Kubernetes tutorial for dummies

Back in 2019, as a non-native English speaker, I had a bad time trying to understand what the hell Kubernetes is.

Kubernetes is a portable, extensible, open-source platform for managing containerized workloads and services, that facilitates both declarative configuration and automation. It has a large, rapidly growing ecosystem. Kubernetes services, support, and tools are widely available.

The name Kubernetes originates from Greek, meaning helmsman or pilot. K8s as an abbreviation results from counting the eight letters between the "K" and the "s". Google open-sourced the Kubernetes project in 2014. Kubernetes combines over 15 years of Google's experience running production workloads at scale with best-of-breed ideas and practices from the community.

Sorry, I just understood it's greek and made by Google.

I will break it down for you, so you don't have to spend the same amount of time I did to get started.

Be prepared, I'd like to incentivize you to run commands on your own.

🐳 (Dummy) Intro to docker containers

You need to understand containers, it will be tough for you to understand Kubernetes if you don't get containers. In case you already do, please, have a cookie 🍪 and skip to the next section.

Containers are like small operating systems with all needed executables. (Keep going, You're about to see examples).

How small? It can be as small as Alpine Linux with ~3 MB, or a bit bigger like Ubuntu, which has ~80 MB.

Let's make executables simpler to digest first. The browser/app you're using to read this article is an executable, the ls command you run to list directories in the terminal is an executable, the python command itself is another executable. Got it? Executables are any program you use for any purpose.

Take some more examples, we can have containers running Python, PostgresSQL, or even GoLang without installing on your machine.

Great, if you could understand that running containers (you can run multiple) are somewhat like executing different programs in different virtual machines this is enough for you to move on.

🖼️ What are container images?

Oh yeah, I need to explain it a bit as well.

Think about images as different versions of base containers. Consider that when you download Ubuntu Desktop from their official website, you are prompted to download an ISO (image), and you can select several versions (20.04, 21.04).

You pick the version that pleases you, and you install it. If you install the same image on many computers, you have all of them starting in the same state. By the same state consider the same animal wallpaper, the same set of programs, firefox as your default browser, Gnome as the GUI, etc.

This initial state is defined by the image.

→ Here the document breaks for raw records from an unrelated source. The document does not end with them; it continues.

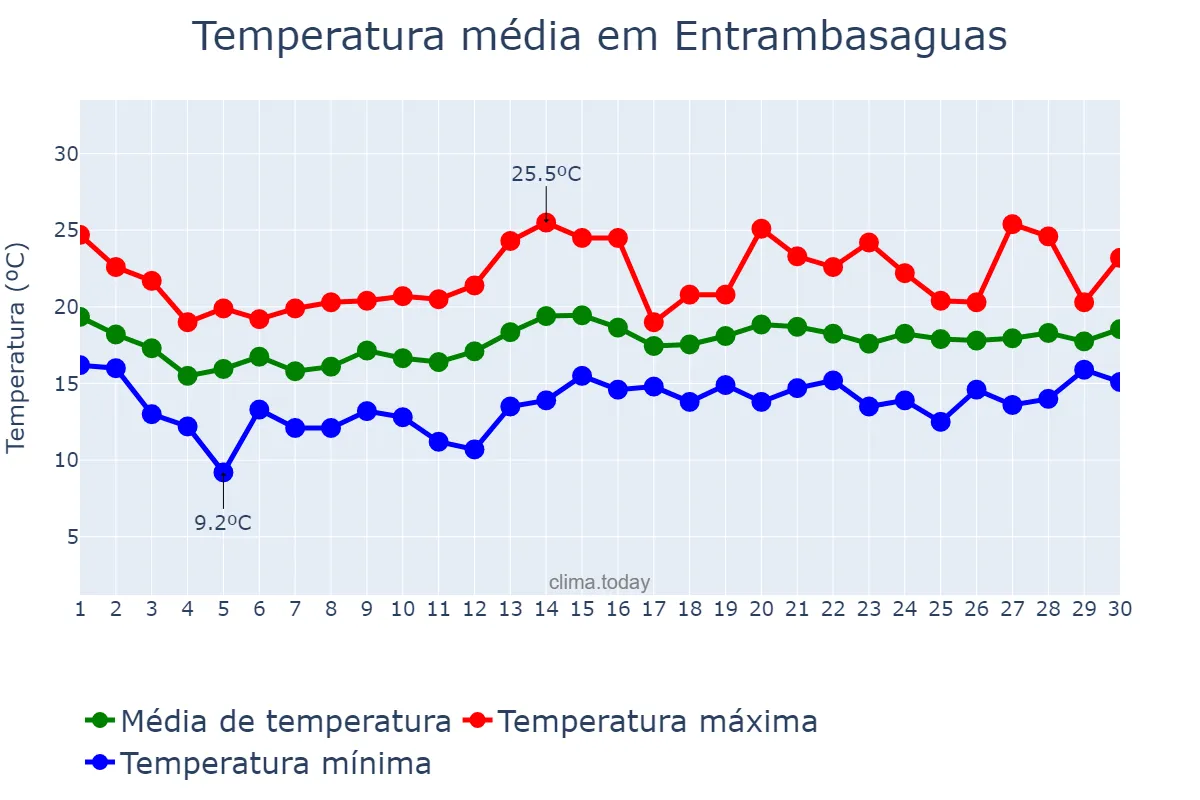 Temperatura em junho em Entrambasaguas, Cantabria, ES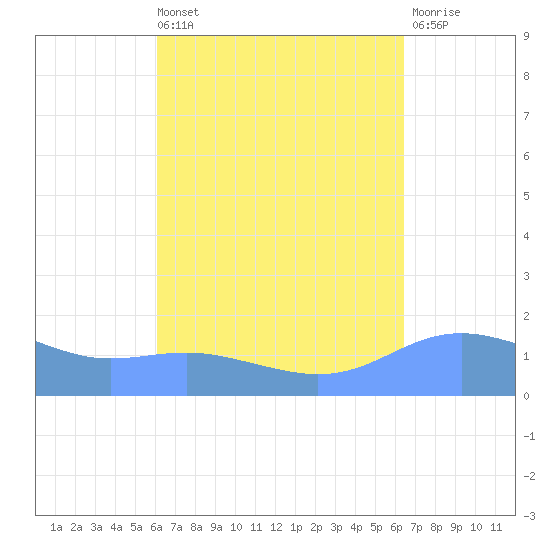 Magens Bay tide chart for Saturday, September 10, 2022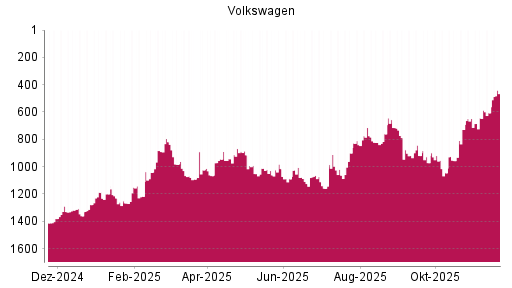 BOTSI®-Advisor Abstufung Volkswagen Vz von Rang 1151 auf ...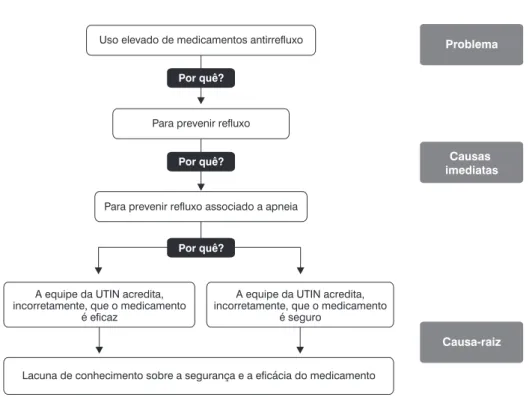 Figura 2 -  Análise de causa-raiz aplicada ao uso de medicamentos antirreluxo na UTIN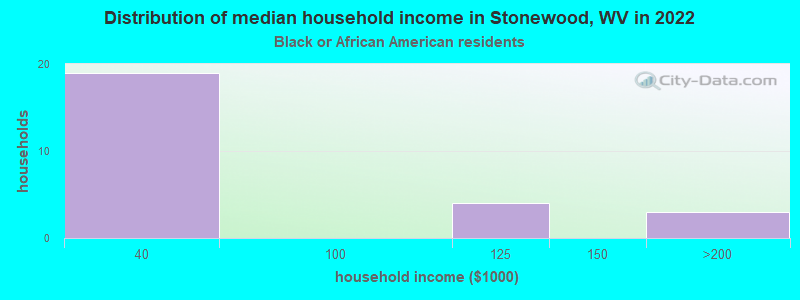 Distribution of median household income in Stonewood, WV in 2022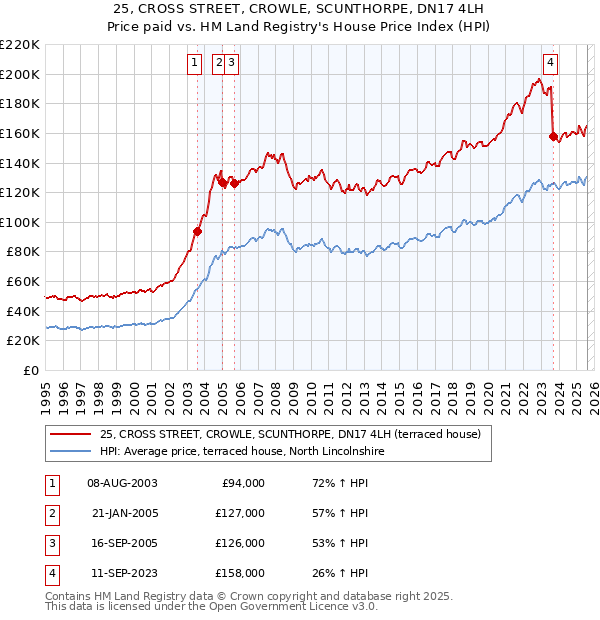 25, CROSS STREET, CROWLE, SCUNTHORPE, DN17 4LH: Price paid vs HM Land Registry's House Price Index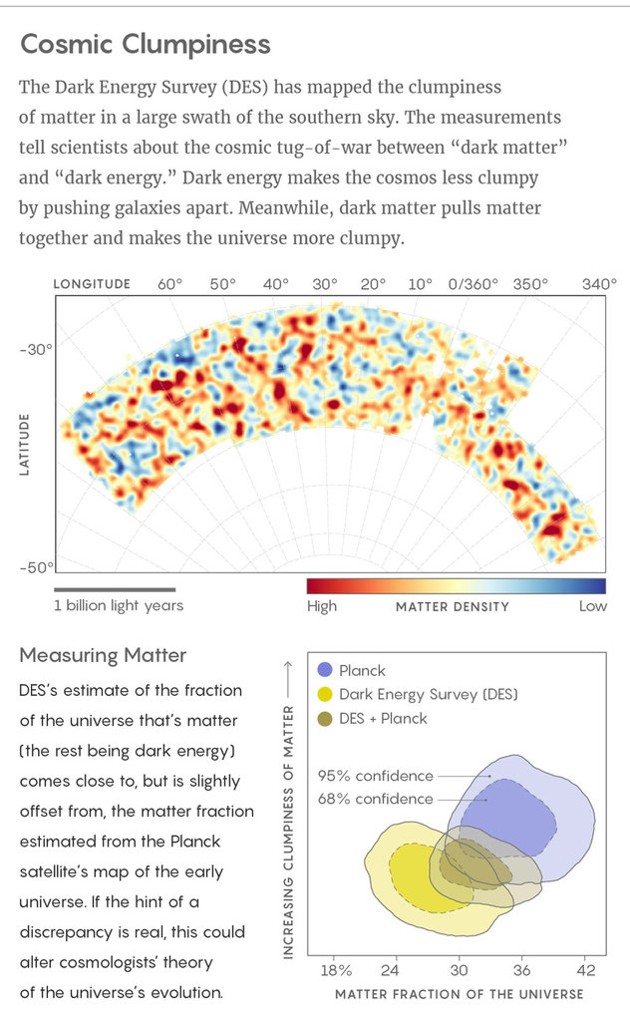 A graphic explaining the concept of "cosmic clumpiness"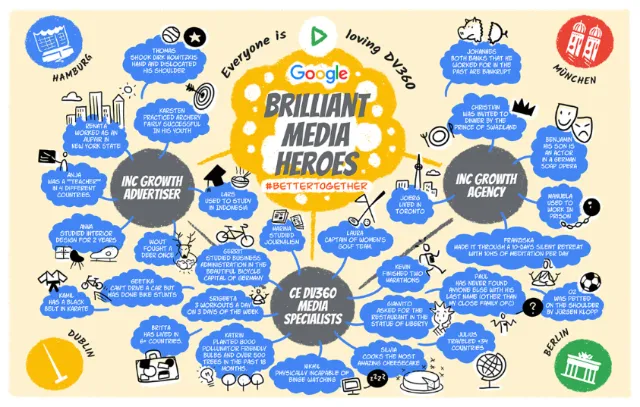 Creative infographic about Google Brilliant Media Heroes with tips and icons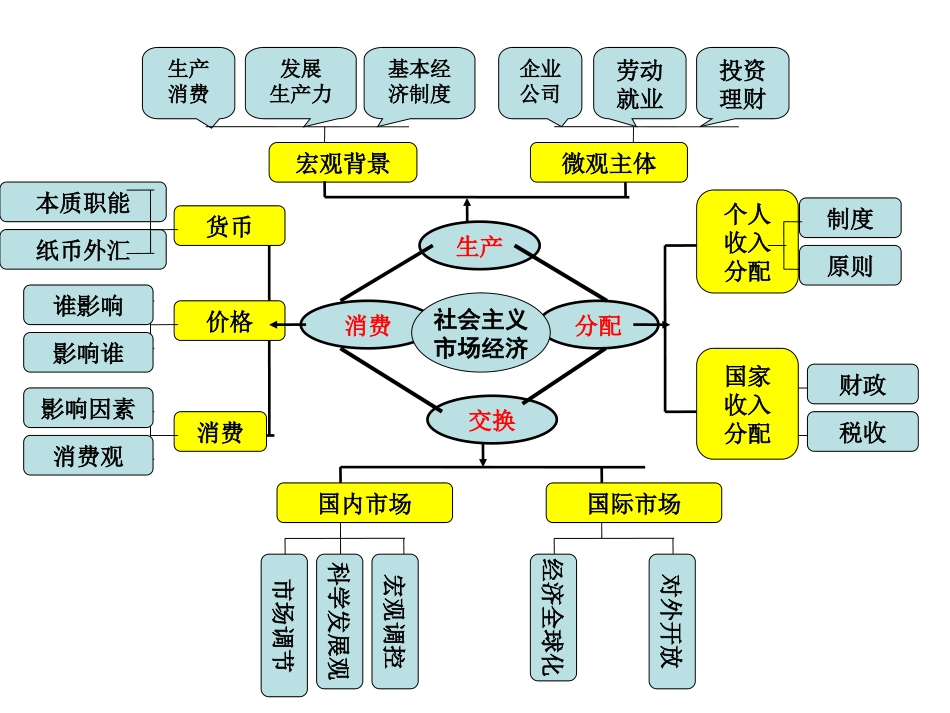 经济生活框架_第1页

What each individual user will do on the computer will make them different. One will install Chrome, the other one will change the wallpaper, etc. They started the same, but are different now in settings/executables. So containers change, images don't.

For the sake of this example:

The ISO you download is the docker image. The computer you installed the ISO is the container. The version (e.g. 20.04) is known as docker tags.

I hope this rough explanation made you understand enough to move on. Of course, it's not the best explanation ever, so I wonder... Would you be interested in a dedicated post about Docker? If yes, please, get in touch and let me know.

🎻 How does Kubernetes relate to Containers?

Ok, now let's start talking Greek: Kubernetes.

Kubernetes is just a tool that runs and manages your containers, and that's mostly it. I personally enjoy the term container orchestrator, it's fancy, and makes you sound smart.

Me telling my friends I know Kubernetes

By orchestra I imagine something like this:

Photo by Andrea Zanenga on Unsplash

Pretty, right? Notice how each person has a role in this picture. Each musician has to play their own instrument only. Maybe the maestro doesn't even know how to play the violin, but he knows how many violins it's required to compose the song. He might ask to increase the number of cellos or to change the tone of vocals.

Whatever, I know shit about music. Picture this now:

Photo by... Me I guess?

If you understand this, the next part will become easier and easier, we're just going to discuss "HOW" the maestro (aka Kubernetes) coordinates with the musicians (aka containers).

Oh, and we're done with the music comparisons, let's get it more realistic now.

⛵ Kubernetes objects and `kubectl`

kubectl is the magic command that allows you to interact with a Kubernetes cluster.
Kubernetes has several ways of coordinating containers, they're called "objects" and such objects can be represented by yaml.

I'm about to share with you the most common objects I had to use to deploy systems in production. Bear in mind there are even more types than the ones you're about to see.

🦴 Kubernetes `yaml` anatomy

I know you want to see some action, but before getting started into the Kubernetes objects themselves, let's just understand how we can define them.

✨ Benefits

In case you aren't familiar with yaml files, I can tell you that's great because they allow you to:

Version it with your favorite VCS (which I know is git)

You can roll back to a previous version, and you can easily check the latest modifications.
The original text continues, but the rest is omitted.